Although I had just visited Berlin 15 months earlier and visited several museums on that visit, I  barely made a dent in that 170-museum list.  More significantly, I only saw—but did not visit—Museum Island, so named because it houses several museums.  These are also the leading art museums in the city and among the leading ones in the world.

Selflessly, I wanted to share them with my partner and selfishly, I wanted to see more of the museums of Berlin.  So that city became the next city on our European tour.

So I returned to Berlin to rectify that situation, and visited these 7 museums (2 return visits, 5 additional ones):

  • The Story of Berlin
  • Neues Museum (New Museum)
  • Alte Nationalgalerie (Old National Gallery)
  • DDR Museum
  • Staatliches Institut für Musikforschung (Musical Instrument Museum)
  • Kunstgewerbemuseum  (Museum of Applied (Decorative) Arts)
  • Deutsches Historisches Museum (German Historical Museum)

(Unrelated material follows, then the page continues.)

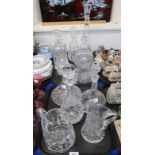 A collection of cut glass and crystal decanters, and four jugs Condition Report: All 20th/21st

The Story of Berlin (www.story-of-berlin.de).   Hidden in the back of a nondescript office building with an interior mall near the heart of West Berlin’s shopping street, Kurfürstendamm , the Story of Berlin provides visitors with an introduction to Berlin through its history.  Although its name comes up in a Google search of museums, some tourist guides label The Berlin Story an attraction.

Because I had just visited it 15 months earlier, I would not have visited the Story of Berlin on this trip.  But even after taking a tour bus through the city, my partner had questions about Berlin and, based on my previous visit, knew that the Berlin Story would answer them.

The Story of Berlin has two parts: a two-story exhibition that walks visitors through the history of the city, and a nuclear bomb shelter, located elsewhere in the building (outside of the exhibition) and that requires a guided tour.

The exhibition focuses on the dramatic: after a brief introduction, it begins with a dramatic walk up the stairs designed to look like a typical, lower middle-class apartment complex in Berlin, and arrives at a multimedia theatre, which provides a cavalcade of images of Berlin through the ages.  Past a curtain, the exhibition begins.  The first part of the exhibition consists of a hallway, which provides a timeline of development of the city, from its founding in the thirteenth century to the end of the nineteenth century, when the city emerged as the capital of a united Germany and a leading economic center in Europe.  Off of the main hallway are several period rooms, each focused on a theme—such as the economic development of Berlin—and displaying artifacts (some original, many fabricated) in scenes reminiscent of the period.

Following that is a larger, area, with a small side gallery that explores the World War 1 and the resulting collapse to the German Empire, and a larger area describing the Weimar Republic days.  The latter explores in depth the history and politics of the country, the expansion of the city, and developments in the economy and arts, which had influence far beyond the city limits.

This segment ends with the beginning of the Nazi era (always referred to as National Socialist, rather than Nazi), with a symbolic and literal descent down two flights of stairs to the lower level of the exhibition.  The journey down describes the Nazi rise to power, and its tightening grip on society.  By the bottom of the stairs, Berlin lays in ruins after being nearly destroyed in the war. In one of the most effective scenic displays in the museum, the first section of the lower level recreates the image of a bombed out, debris-laden Berlin, and tells the story of the Soviet blockade and subsequent Allied airlift to break it.  The story continues with the tale of the divided city—told by side-by-side displays showing how different scenes of every day life appeared in democratic West and communist East Berlin, two parts of the same city, divided by the infamous wall.  This segment is probably the most extensive and best documented in the exhibition, and has the largest number of authentic objects.  In fact, one of the objects is a case of American-supplied cheese that was  kept by a West Berliner and donated to the museum.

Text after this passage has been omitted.